Get StructExpression with ‘pop’ and ‘prob’ for the most likely population based on RF probabilities.

Parameters:

ht (Table) – Input population inference Table with random forest probabilities.

Return type:

Tuple[StructExpression, List[Tuple[str, str]]]

Returns:

Struct Expression with ‘pop’ and ‘prob’ for the highest RF probability.

gnomad_qc.v4.sample_qc.assign_ancestry.compute_precision_recall(ht, num_pr_points=100)[source]

Create Table with false positives (FP), true positives (TP), false negatives (FN), precision, and recall.

Includes population specific calculations.

Parameters:
  • ht (Table) – Input population inference Table with random forest probabilities.

  • num_pr_points (int) – Number of min prob cutoffs to compute PR metrics for.

Return type:

Table

Returns:

Table with FP, TP, FN, precision, and recall.

gnomad_qc.v4.sample_qc.assign_ancestry.infer_per_pop_min_rf_probs(ht, min_recall=0.99, min_precision=0.99)[source]

Infer per ancestry group minimum RF probabilities from precision and recall values.

Minimum recall (min_recall) is used to choose per ancestry group minimum RF probabilities.
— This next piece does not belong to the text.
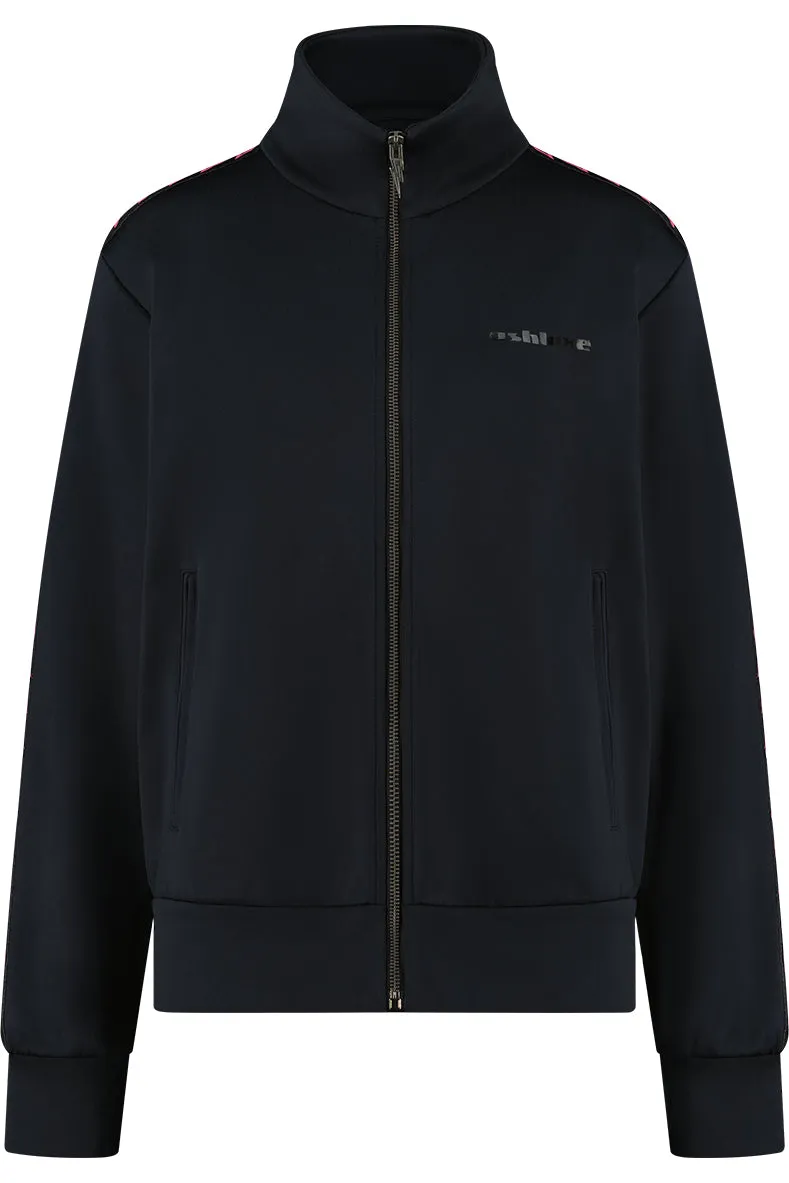 Ashluxe Men's Track Jacket Black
This min_recall cutoff is applied first, and if the chosen minimum RF probabilities cutoff results in a precision lower than min_precision, the minimum RF probabilities with the highest recall that meets min_precision is used.

Parameters:
  • ht (Table) – Precision recall Table returned by compute_precision_recall.
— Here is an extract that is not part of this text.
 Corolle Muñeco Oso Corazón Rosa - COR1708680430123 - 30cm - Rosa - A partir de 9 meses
  • min_recall (float) – Minimum recall value to choose per ancestry group minimum RF probabilities. Default is 0.99.

  • min_precision (float) – Minimum precision value to choose per ancestry group minimum RF probabilities. Default is 0.99.

Return type:

Dict[str, Dict[str, float]]

Returns:

Dictionary of per pop min probability cutoffs min_prob_cutoff.

gnomad_qc.v4.sample_qc.assign_ancestry.assign_pop_with_per_pop_probs(pop_ht, min_prob_cutoffs, missing_label='remaining')[source]

Assign samples to populations based on population-specific minimum RF probabilities.

Parameters:
  • pop_ht (Table) – Table containing results of population inference.

  • min_prob_cutoffs (Dict[str, float]) – Dictionary with population as key, and minimum RF probability required to assign a sample to that population as value.

  • missing_label (str) – Label for samples for which the assignment probability is smaller than required minimum probability.

Return type:

Table

Returns:

Table with ‘pop’ annotation based on supplied per pop min probabilities.

gnomad_qc.v4.sample_qc.assign_ancestry.main(args)[source]

Assign global ancestry labels to samples.